Toyota prépare une fausse conduite autonome

Toyota
La course à la conduite 100% autonome est lancée un peu partout dans le monde et les constructeurs automobiles traditionnels essaient d'éviter de se laisser distancer. Toyota annonce ainsi son entrée dans la danse d'ici 2028… mais son refus d'assumer toutes ses responsabilités risque de gêner consommateurs et assureurs.

Sa fébrilité face à la pression explique probablement pourquoi la firme veut démontrer qu'elle sera au rendez-vous de la prochaine grande avancée technologique de son secteur alors qu'elle n'est visiblement pas prête. Pour commencer, il n'est donc question d'un lancement officiel de son dispositif autonome que dans 18 à 24 mois et uniquement sur sa gamme de luxe Lexus, ce qui lui permettra de mieux maîtriser le déploiement que sur des modèles commercialisés par centaines de milliers d'exemplaires.

Beaucoup plus gênant, elle déclare qu'elle veut proposer un système capable de prendre en charge la conduite sans aucune assistance humaine, ce qui, en jargon technique, correspond à une automatisation de niveau 4, mais elle se contentera d'une classification officielle de niveau 2++, qui impose au conducteur de rester vigilant et d'être prêt à reprendre le contrôle à tout moment. Un module de suivi du comportement du véhicule est même prévu pour lui restituer les commandes dès que nécessaire.

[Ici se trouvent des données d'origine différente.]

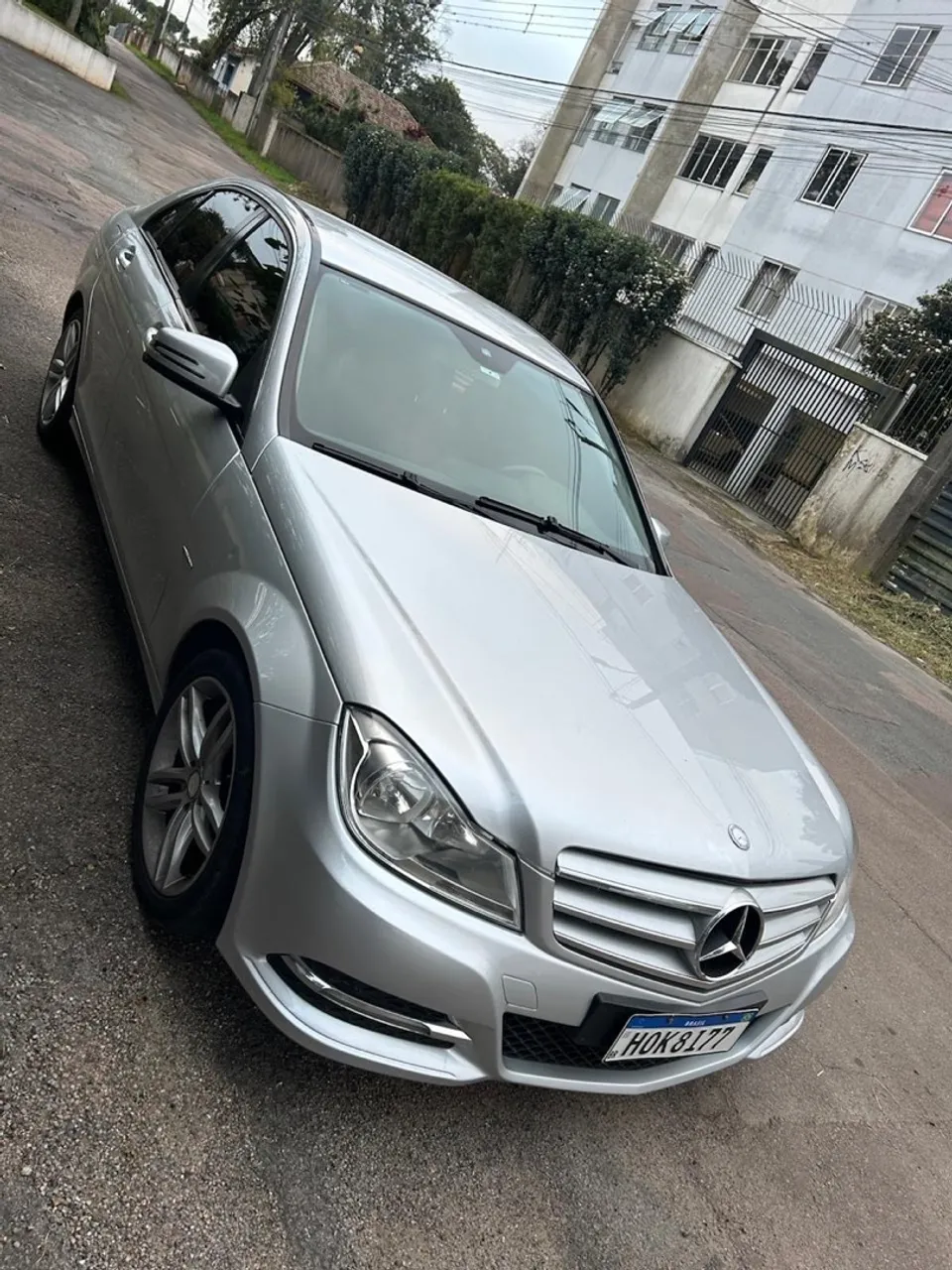 Mercedes 1.8 turbo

Concrètement, ce choix de prudence implique que l'entreprise dégage sa responsabilité en cas d'accident, celle-ci étant reportée sans équivoque sur la personne installée au volant au moment des faits. Évidemment, il ne va pas inspirer une grande confiance chez les clients de la marque, ce qui constituera un handicap majeur dans l'adoption de la conduite autonome et, par rebond, dans la compétition concurrentielle, d'autres acteurs allant jusqu'à couvrir eux-mêmes les éventuels sinistres.

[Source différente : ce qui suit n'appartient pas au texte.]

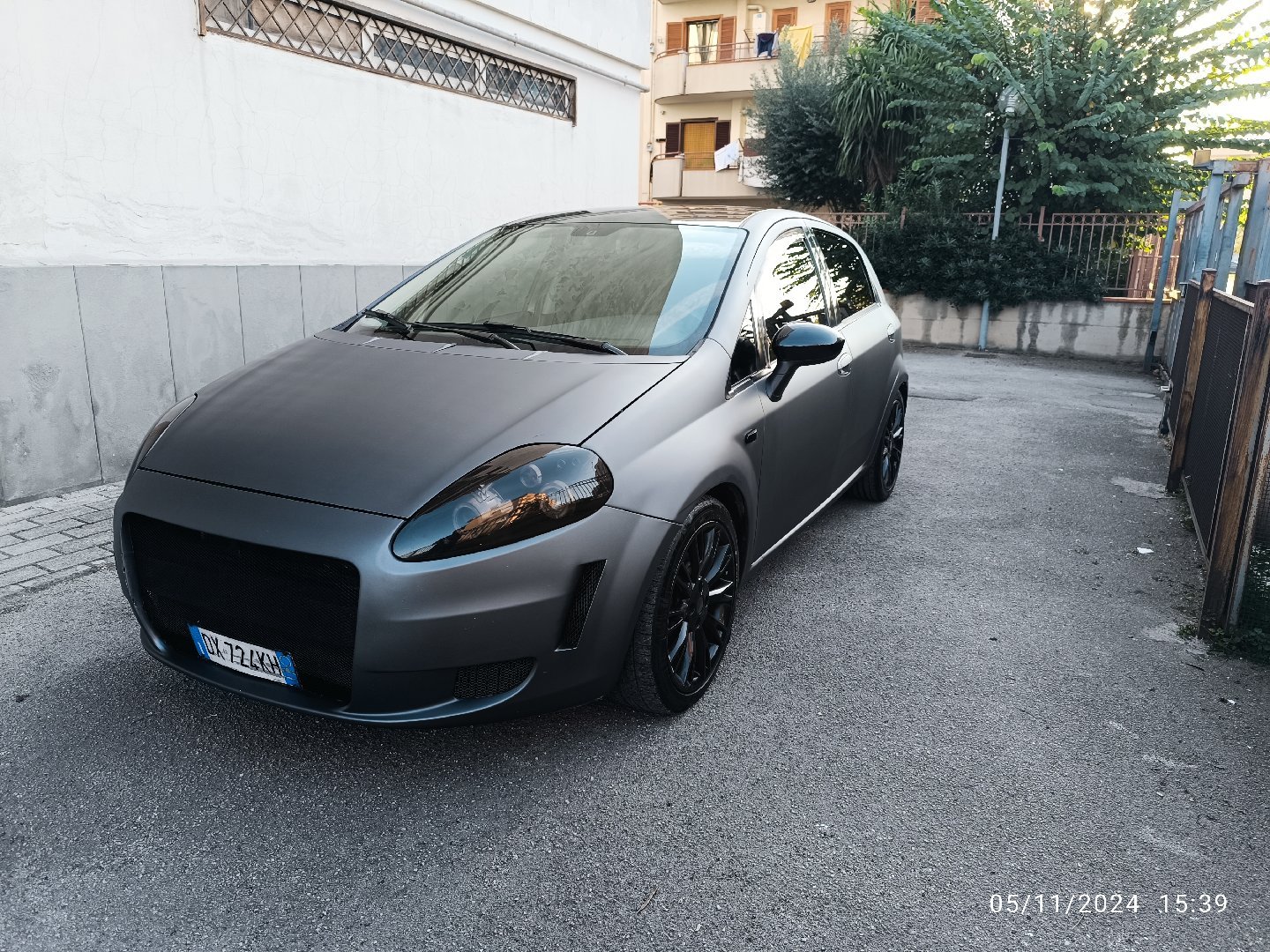 Fiat Grande Punto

Toyota – Autonomous Driving

La position des assureurs dans ce futur paysage pourrait devenir intéressante à observer. Étant contractuellement engagés derrière le conducteur, ce sont eux qui, in fine, portent le risque. Se satisferont-ils des artifices de Toyota ou bien seront-ils tentés de contester son attitude, notamment quand ses discours admettent implicitement que son logiciel de pilotage est susceptible de commettre des erreurs, qu'il laissera le soin à un humain de rectifier tant bien que mal, potentiellement dans l'urgence ?

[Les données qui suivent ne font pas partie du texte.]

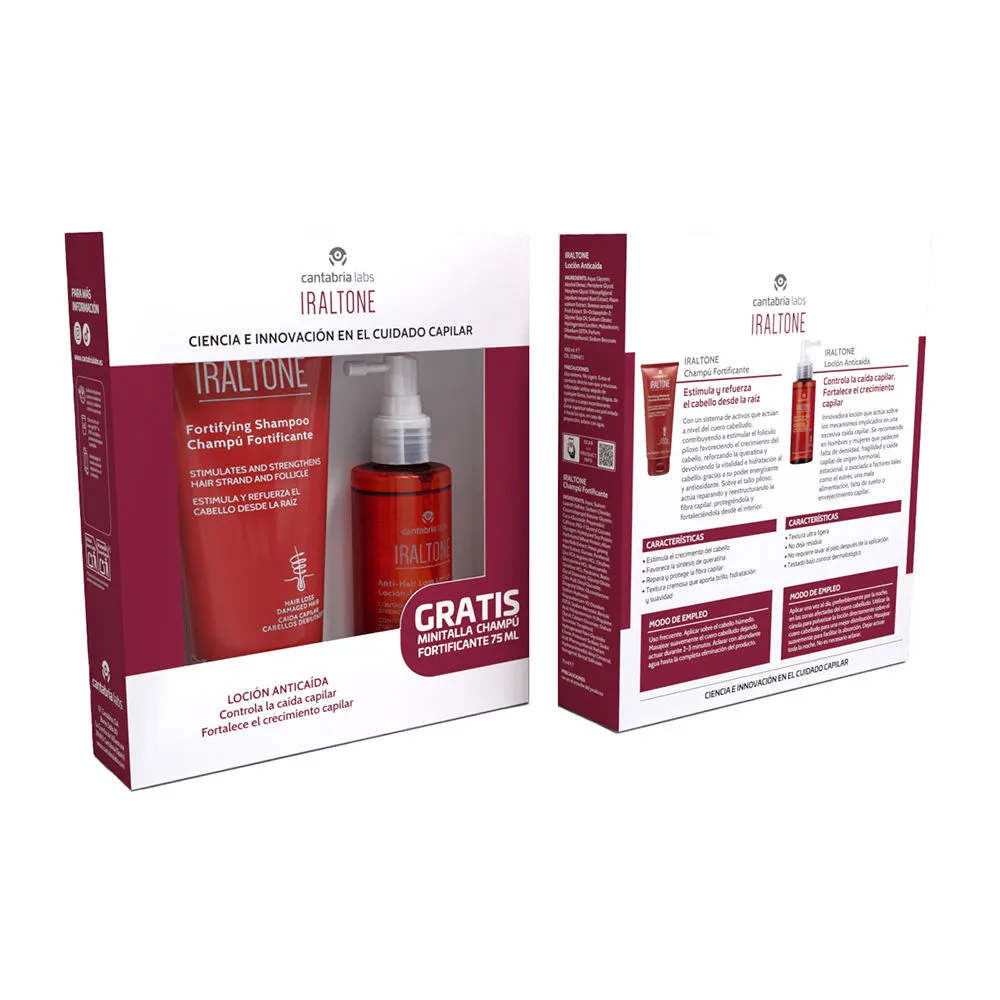 Iraltone Anticaída Estuche 2 piezas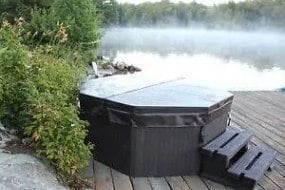 Hot Tub Party Hire Wales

La situation a bien sûr le temps d'évoluer avant la concrétisation de la promesse de Toyota (qui pourra également changer d'avis d'ici là) mais la démarche offre une perspective supplémentaire sur les enjeux de l'assurance automobile de demain. Pour une bonne partie des spécialistes (la majorité ?), la responsabilité de la conduite autonome incombe au constructeur (ou à son fournisseur de logiciel). Mais qu'arrivera-t-il s'il refuse de l'assumer ? Ses voitures seront-elles exclues, donc invendables ?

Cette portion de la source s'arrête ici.